Etes-vous favorable à des banques régionales publiques d’investissement comme le préconise le président de la Fédération des maires des villes moyennes (FMVM) Christian Pierret (PS) ?

Je conteste l’analyse qui sous-tend ce genre de propositions formulées par beaucoup d’hommes politiques. De l’argent à prêter aux PME-PMI innovantes, il y en a déjà beaucoup avec le Fonds stratégique d’investissement (FSI), les autres fonds de la Caisse des Dépôts, du commissariat général à l’investissement (en charge du « grand emprunt ») et de la banque européenne d’investissement (BEI). Or, que nous disent les patrons de ces institutions ? Qu’ils n’arrivent pas à dépenser !

Pourquoi ces fonds ne sont-ils pas consommés ?

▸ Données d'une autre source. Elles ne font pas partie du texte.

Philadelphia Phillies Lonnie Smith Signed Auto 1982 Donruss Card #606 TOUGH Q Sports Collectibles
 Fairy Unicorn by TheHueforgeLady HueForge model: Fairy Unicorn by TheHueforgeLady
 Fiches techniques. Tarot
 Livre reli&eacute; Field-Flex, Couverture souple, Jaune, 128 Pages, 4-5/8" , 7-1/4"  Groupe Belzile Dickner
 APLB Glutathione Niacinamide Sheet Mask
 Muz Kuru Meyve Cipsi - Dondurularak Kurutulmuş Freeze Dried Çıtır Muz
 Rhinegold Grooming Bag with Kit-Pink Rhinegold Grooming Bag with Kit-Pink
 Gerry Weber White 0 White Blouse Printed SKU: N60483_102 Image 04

Environ 75 % des PME-PMI françaises adoptent des stratégies extrêmement défensives. Elles bénéficient d’un niveau de fonds propres tout à fait satisfaisant, mais elles investissent peu. La croissance du chiffre d’affaires de 50 % des PME-PMI françaises est nulle. Les « gazelles » (ndlr : PME-PMI innovantes) disparaissent, elles, avant l’âge adulte. 17 % des PME-PMI de 250 à 500 salariés sont absorbées par des grands groupes. L’espérance de vie des entreprises de cette taille culmine donc à 5 ans.
Là où les Allemands ou les Italiens remettent de l’argent dans leur entreprise, les patrons français vendent. Résultat : la France compte 85 000 entreprises industrielles, contre 240 000 en Allemagne ou en Italie. Elle voit disparaitre 5 000 entreprises exportatrices par an quand l’Allemagne en crée 5 000.

L’échec de ces fonds publics n’est-il pas aussi dû à une gestion trop centralisée ?

Le FSI est complètement régionalisé. Les fonds de la Caisse des Dépôts aussi. Chacun est arrivé à la conclusion que le bon échelon contre la désindustrialisation, c’est la région. Les grands succès industriels ont été menés à cette échelle que ce soit en Bavière (Allemagne) ou en Lombardie-Vénétie (Italie). Ils reposent sur un environnement favorable aux entreprises grâce un travail en réseau auprès des universités et des centres de recherche.

Les collectivités mènent déjà ce travail…

Bien sûr, l’environnement est parfois très « business friendly ». A La Roche-sur-Yon (Vendée), une quantité incroyable de « boîtes » est accueillie. En France, les entreprises bénéficient d’infrastructures de qualité, d’un coût de l’énergie beaucoup moins élevé qu’en Allemagne et d’écoles d’ingénieurs largement aussi bonnes.

L’une des forces de l’Allemagne réside aussi dans la mobilité de ses salariés…

Ils le sont beaucoup plus, car ils sont souvent locataires. Rendre les Français propriétaires et refuser de densifier les villes entrainent des effets délétères. Les pavillons loin des centres-villes achetés grâce au taux zéro sont très difficilement revendables. On a affaire à de véritables pièges à chômage. Résultat : des taux de chômage qui varient de 5 % à 25 % selon les territoires. Conclusion : il faut aider les Français à devenir locataires !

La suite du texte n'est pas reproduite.